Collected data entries
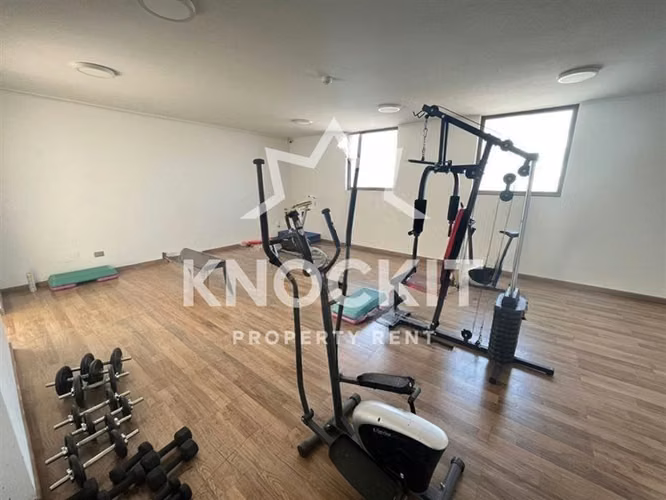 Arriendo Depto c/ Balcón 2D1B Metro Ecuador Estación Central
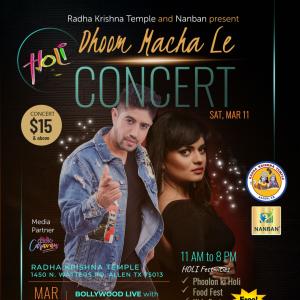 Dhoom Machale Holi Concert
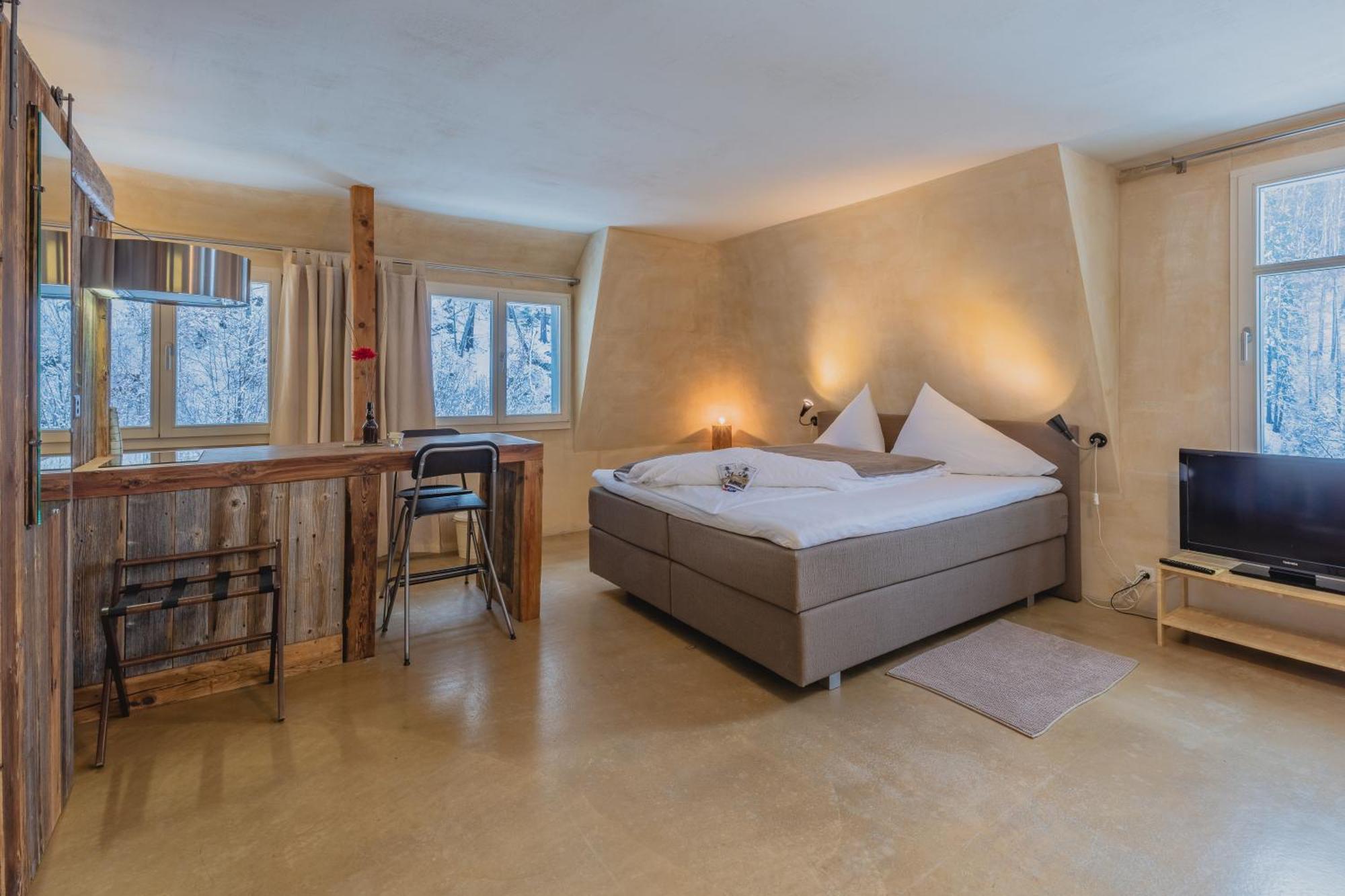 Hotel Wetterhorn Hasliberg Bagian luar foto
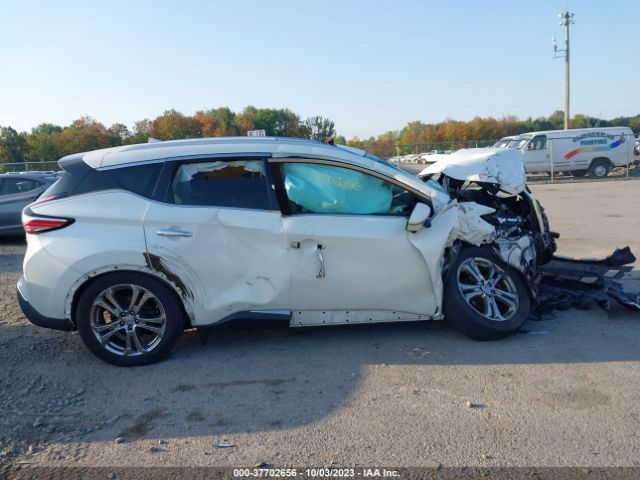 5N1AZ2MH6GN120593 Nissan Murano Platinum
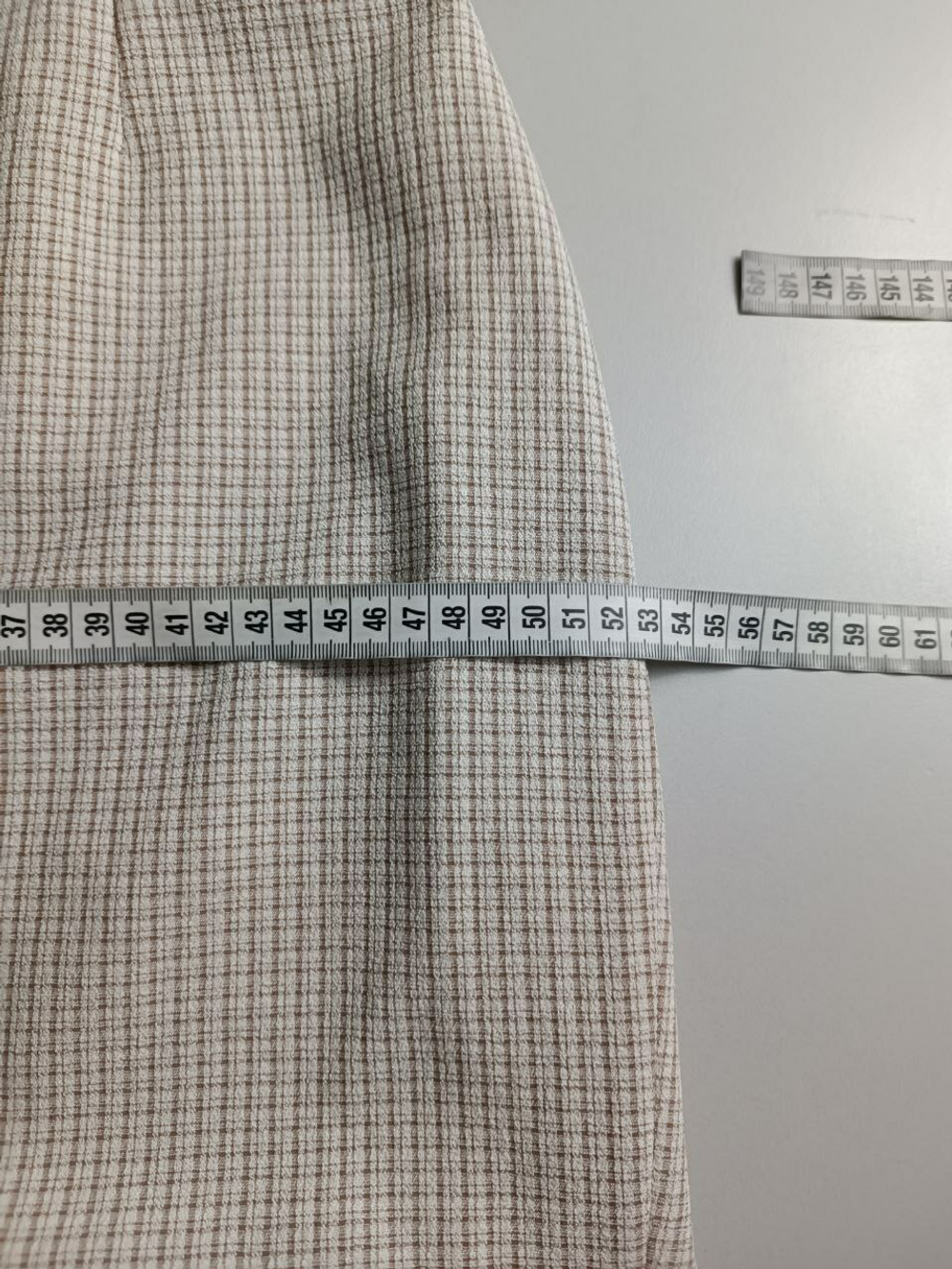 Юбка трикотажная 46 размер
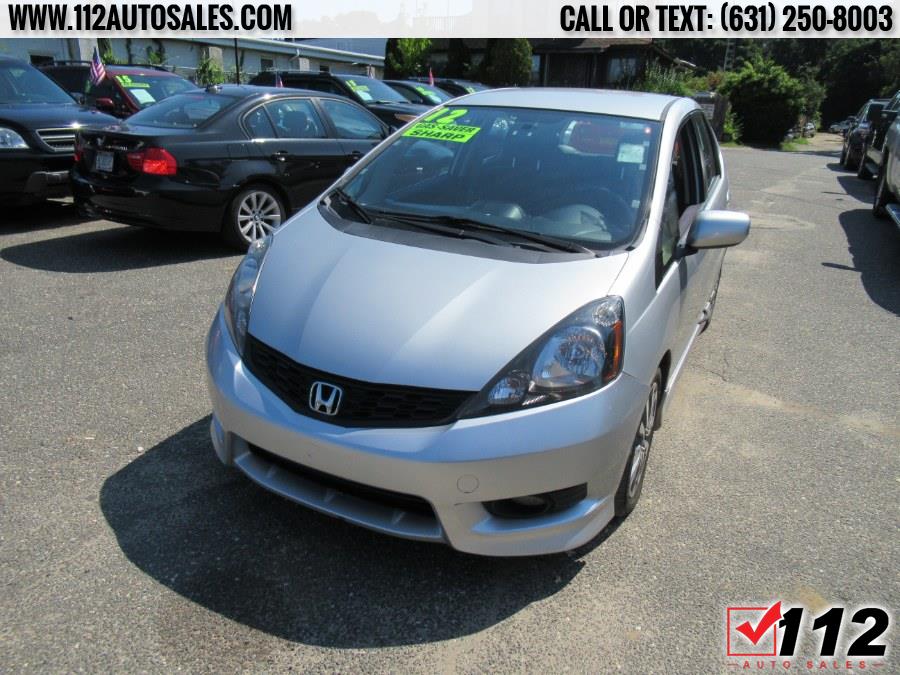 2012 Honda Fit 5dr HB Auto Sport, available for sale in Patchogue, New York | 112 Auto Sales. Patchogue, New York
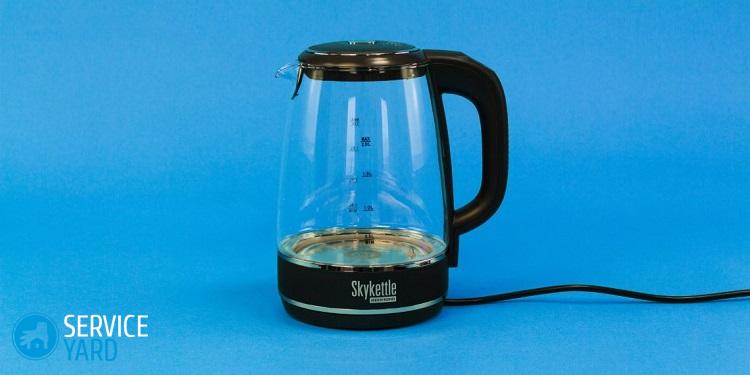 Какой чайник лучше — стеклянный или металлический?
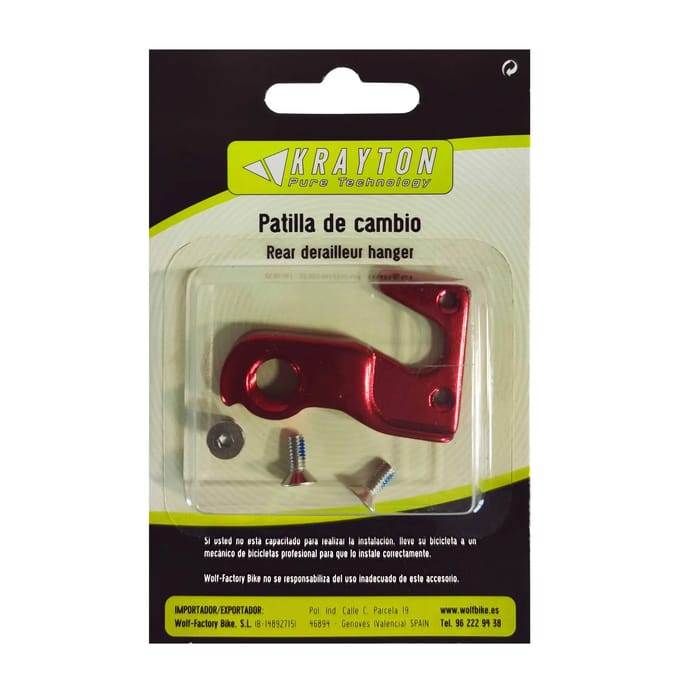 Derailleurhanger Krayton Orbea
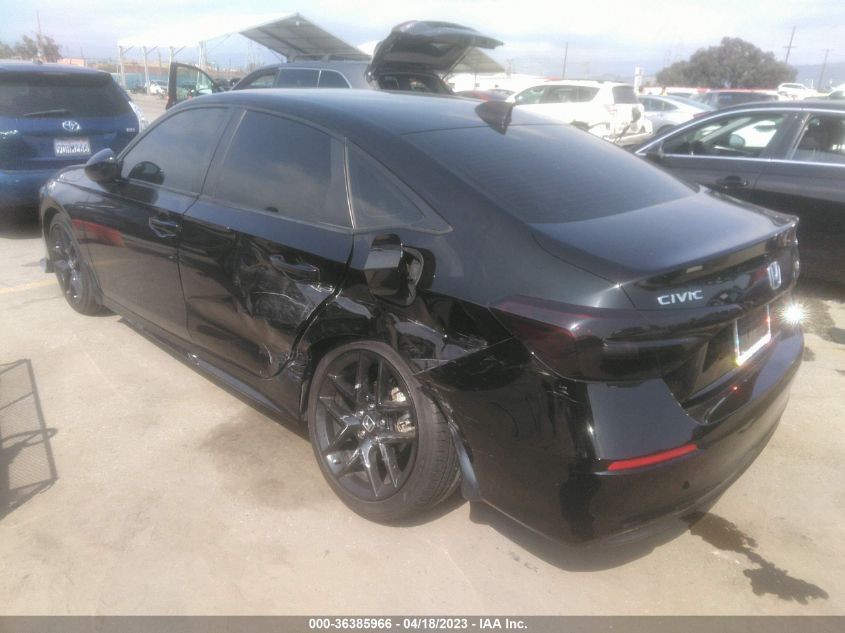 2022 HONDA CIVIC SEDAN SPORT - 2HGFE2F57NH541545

YOUR INSTRUCTIONS
Starting where a line contains "Hotel Wetterhorn Hasliberg Bagian luar foto" and finishing at the last line above, set down every line exactly as it reads, with no pictures.

EXERCISE OUTPUT
 Hotel Wetterhorn Hasliberg Bagian luar foto
 5N1AZ2MH6GN120593 Nissan Murano Platinum
 Юбка трикотажная 46 размер
 2012 Honda Fit 5dr HB Auto Sport, available for sale in Patchogue, New York | 112 Auto Sales. Patchogue, New York
 Какой чайник лучше — стеклянный или металлический?
 Derailleurhanger Krayton Orbea
 2022 HONDA CIVIC SEDAN SPORT - 2HGFE2F57NH541545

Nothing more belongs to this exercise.